Mark Lawrence on fantasy’s “born to magic” aspect:
The main difference between fantasy and science fiction is the nature of the fake science (magic) they present us with. Generally the technology resulting from science is available to anybody to buy or discover given sufficient reserves of money, intelligence, infrastructure etc. It’s an egalitarian form of “magic”. To use a warp drive or phaser gun doesn’t require you to be born special.
Magic, on the other hand, often requires you to be born “magic”. Fantasy is rife with chosen ones, singular heroes whose talents allow them to change the course of history, wielders of magic that is available to them alone or to some elite that were born special.
I think there are several aspects Lawrence is missing.
(1) If the dividing line between fantasy and science-fiction is “universal access to weird stuff” vs “genetically-determined access to weird stuff”, you run into difficulties. By Lawrence’s reasoning, X-Men (people being born with special powers) is fantasy, despite the fact that the underlying explanation is gene mutation (i.e. a science-fictional scenario). Alternatively, the necromancy in Wise Phuul (taught as a school subject in the Viiminian Empire) is science-fiction, despite the fact that it is, well, magic.
(2) Even in settings where magic is a limited resource, the Harry Potter-style wizards/muggles divide is hardly universal.
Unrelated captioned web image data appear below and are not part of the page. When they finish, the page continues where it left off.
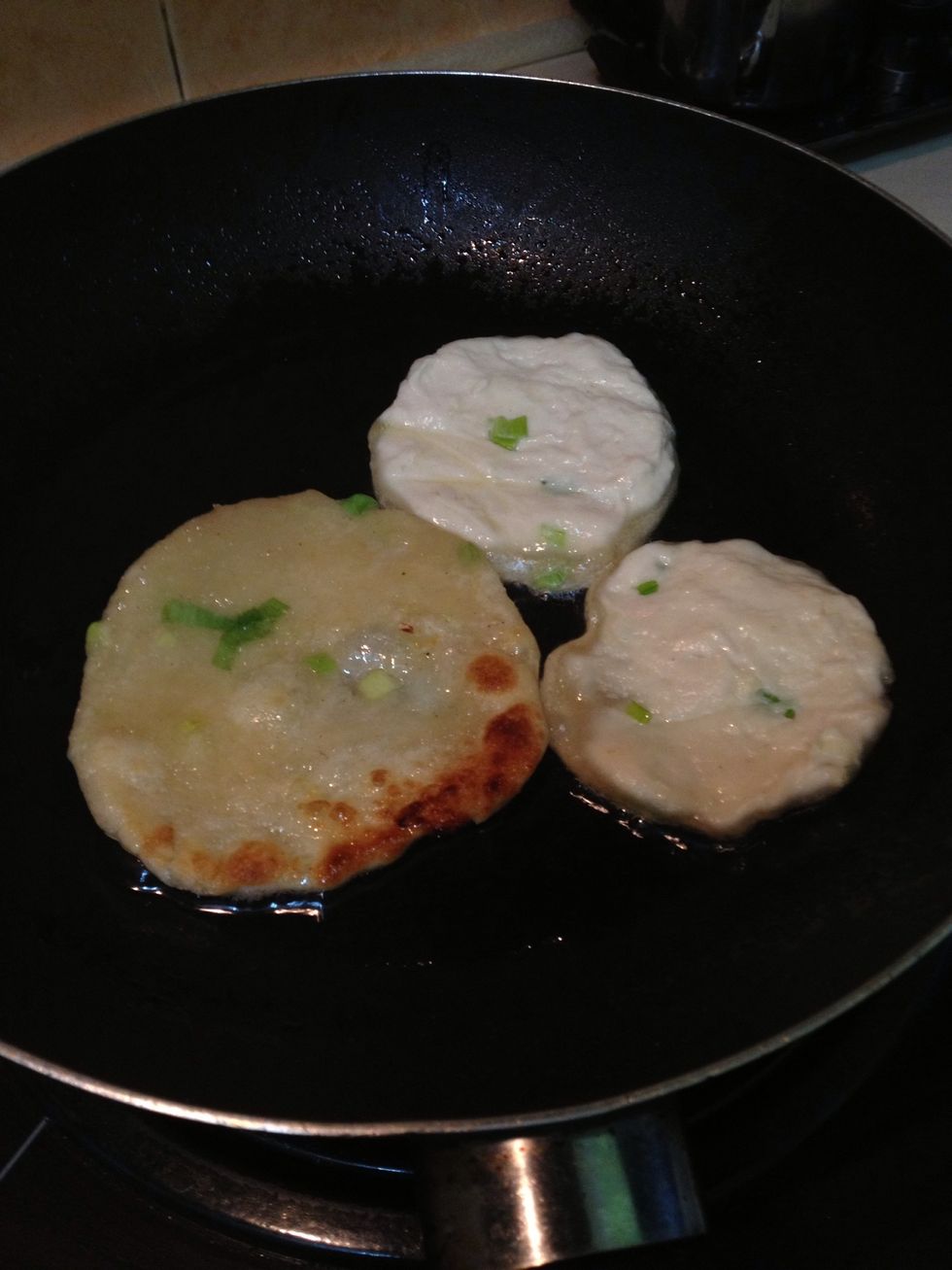 \u2022 Pour a small amount of oil on the frying pan until its hot \u2022 put the pancakes into the frying pan and fry it \u2022 fry each side for few minutes. flip it so it cook on both side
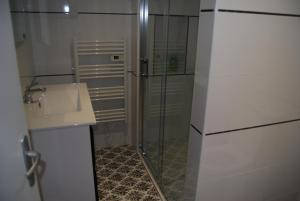 a bathroom with a glass shower and a sink at Ramier in Giverny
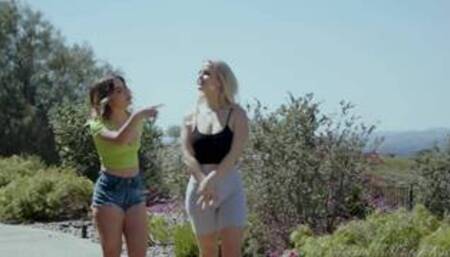 Slimthic Vic and Chanel Camryn on a grey sofa in several lesbian scenes together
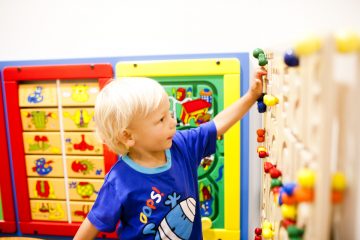 Young boy playing with wall games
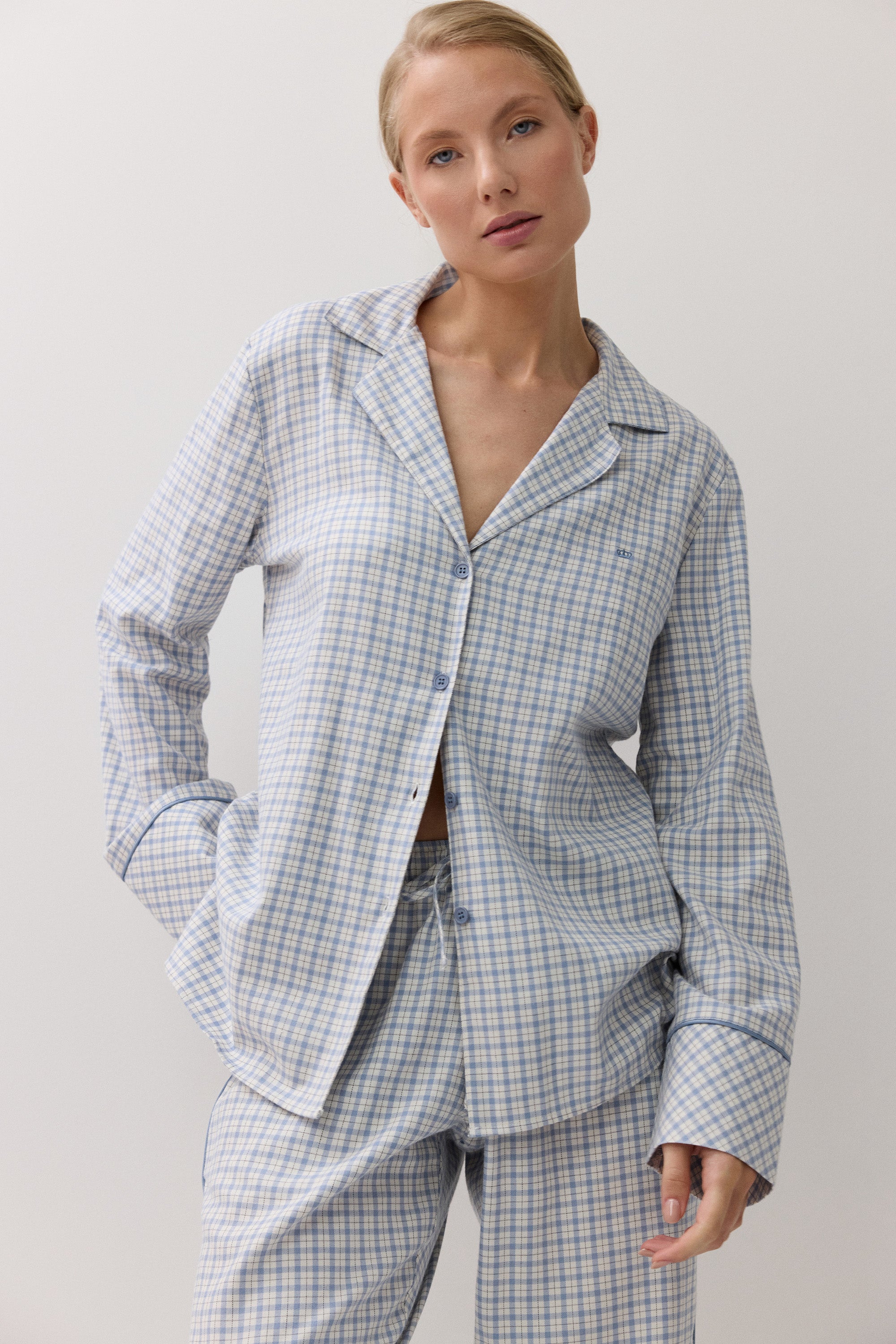 A woman modeling a light blue and white checkered pajama set, featuring a long-sleeve button-up shirt and matching pants, against a plain white background.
Indeed, looking across the genre, you have all sorts of variations on how magic users obtain their abilities – from it being something that anyone can learn (Patrick Rothfuss’ sympathy), to something anyone can access from a source (the earthpower in Thomas Covenant), to something that is purely the domain of supernatural beings (Tolkien’s Istari are de facto minor angels), to something dependent on one’s god (George R.R. Martin’s R’hllor worshippers), to being a matter of folk wisdom and psychological manipulation (Terry Pratchett’s Witches). One even sees this distinction in Dungeons & Dragons, between wizards (magic from study), sorcerers (magic from innate ability), and warlocks (magic from pacts). Real-world magical traditions tend to be a combination of study, ritual, and interacting with the allegedly supernatural – there is very little emphasis on the practitioner’s ancestry. By Lawrence’s reasoning, such “real-world” magic would fall under science-fiction.
(3) Even in settings where there *is* a wizard/muggle divide, there is no need for the protagonist to be a wizard. Sam Vimes lives in a city where magic objectively exists – but he is strictly non-magical himself. Conan the Barbarian is also very much a muggle, but that doesn’t stop him chopping and slicing his way through evil sorcerers. Locke Lamora doesn’t do magic, but he deals with bondsmagi. Jon Snow and Bran Stark may have innate warging ability, but Tyrion Lannister doesn’t. Et cetera. Rather than focusing on the 1% in such a setting, why not focus on one of the 99%?
(4) It is perfectly possible for science-fictional works to be every bit as elitist as Lawrence alleges fantasy works to be. Indeed, the entire basis of Roger Zelazny’s Lord of Light is that a particular caste have got their hands on a technological means of reincarnation – which they keep for themselves, and use to control others.
(5) Just because a magic system is (in theory) meritocratic doesn’t mean the end result is particularly utopian. Taking Wise Phuul as an example (it feels wrong citing my own work in this scenario, but let’s run with it anyway), necromancy is not only universally accessible, but one’s ability to do it is entirely independent of ancestry, gender or sexuality. That does not stop the development of a class system, or socio-economic factors playing a key role in determining how well one does at examination time.